The high court upholds the state’s century-old corporate contribution limits, a rebuff of the U.S. Supreme Court decision that allowed businesses to spend as freely as individuals in campaigns.

Corporations are people, my friend — Mitt Romney, 8/11
Corporations ain’t people

If they were your neighbors, they’d borrow your lawn mower for a year then claim ownership by right of possession when you asked for it back—although they’d probably offer to lease it back to you so they can write it off their taxes as a business expense.

 

They’d disconnect their house from the city sewer to reduce overhead and outsource their toilets straight into your yard. 

 

Complain about them, and they’ll sue you for libel.
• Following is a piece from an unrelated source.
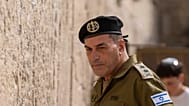 رئيس أركان الجيش الإسرائيلي، الفريق أول إيال زامير، عند حائط المبكى، في القدس، يوم الأربعاء 5 مارس 2025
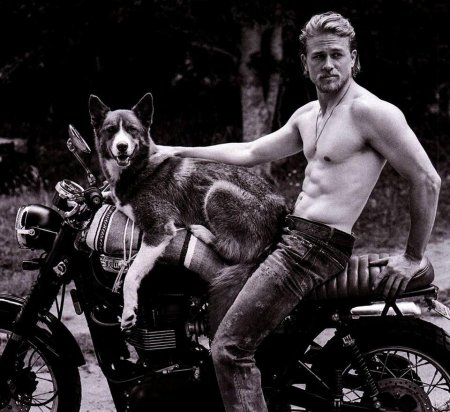 Мотоциклист с голым торсом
Hire a lawyer, and they’ll get the cesspool they made of your lawn declared a wetland. Beat them, and they’ll spend whatever it takes to elect someone who will change the rules of the game.

 

They’re corporations. Delicate, unique persons under the law, with true human rights and in theory, responsibilities. If they commit crimes, they can be prosecuted, just like you and me.

 

But if I harm someone, I go to jail. Who, exactly goes to jail when a corporation robs, steals, destroys, kills? 

 

No one, usually. For that is the magic of the corporation: limited liability. Shareholders aren’t responsible, nor is the CEO—unless he or she personally pulled the trigger and a prosecutor can convince a jury of their guilt. 

 

It’s a beautiful system, really: All the benefits and grace of personhood, with few, if any, of the responsibilities. Who wouldn’t want that? It’s a sociopath’s dream.

 

And our collective nightmare. 

 

This site exists for one, simple purpose: to demonstrate, in every way possible, that corporations aren’t people. 

 

Why? To stir the pot. To piss people off. To tilt at this windmill until the day (maybe one day soon) that the US dispenses with the ridiculous notion that corporations have the same human rights as you and I.

 

Because if we don’t, things might get a little… problematic. Hell, they’ve already corrupted most of what we hold dear, pour as much money as they can muster into our politics, poison our air and our water, profit from endless wars. And then they have the ginormous balls to sell this giant, shit sandwich back to us as the culmination of western society, the fruit of Jesus’s loins the sacred drippings of Milton Freidman’s brow.

 

Fuck em, I say. And I hope to say it in as many interesting, enlightening, entertaining ways as I can.

 

Want to add your voice? Great. Send me a link. Send me an essay. Send me a stray article you’ve found. If it’s not obscene, I’ll post it. If it’s obscene and good—I’ll post it anyway.

 

Think corporations deserve their status? Can’t imagine democracy without them? Educate me. I dare you.

 

Enjoy the blog.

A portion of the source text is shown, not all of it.